La lección más grande, sin embargo, es algo que en la universidad jesuita escuché muchas veces, pero que la experiencia vital de estos casi dos años ha hecho que cobre una dimensión profunda: el magis ignaciano, «en todo amar y servir», es el lente por el que veo hoy la vida, mi vida. Esta lección fue un regalo de un hombre humilde de 30 años que nunca me llamó la atención por las ausencias y las irresponsabilidades, que nunca fue descortés ni poco amable y que lo único que hizo fue no dejar de servir.

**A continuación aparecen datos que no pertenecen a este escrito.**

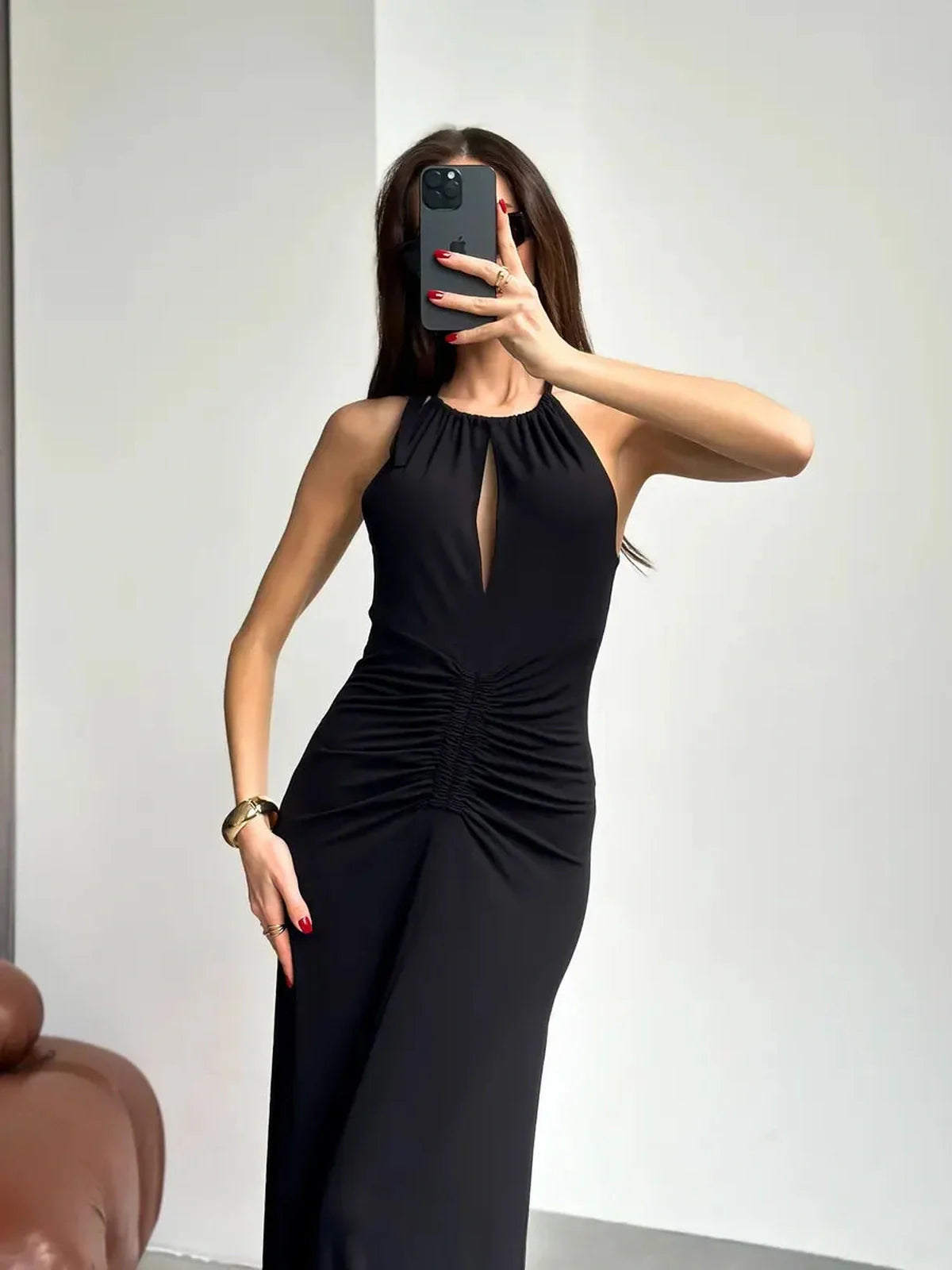 Elegant black maxi dress with halter neckline and front slit, showcasing ruching details and a sculpting effect.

Creo firmemente en Dios, que me escucha cuando le hablo, y le pido que mantenga siempre encendida la luz que guía mi vida a la experiencia más profunda del amor. También me he preguntado qué pasa si Dios no existe. Hoy me atreví a preguntárselo a alguien en quien confío y que me enseñó a creer. Se quedó un momento en silencio, me vio y me respondió. Luego nos reímos. Me alegró saber que coincidimos en la respuesta: nada, si Dios no existe no pasa nada. Vivimos como pensamos que debemos vivir, siendo coherentes con lo que pensamos y sentimos. A esa coherencia he aprendido a llamarla servicio, el valor más importante que me comunica con los demás y al que le encuentro todo el sentido político al regresar a mi país. Aparte de pedirle a Dios que bendijera nuestros sueños más cercanos del corazón, Francisco nos recordó que la historia nos pide que defendamos nuestra dignidad y que no permitamos que nadie decida nuestro futuro. Personalmente agregaría que el servicio en comunidad, la construcción colectiva de nuestro futuro, debe ser nuestra arma más fuerte.
Gracias por la excelente escuela de los últimos meses: servir en todo porque es también una forma de amar.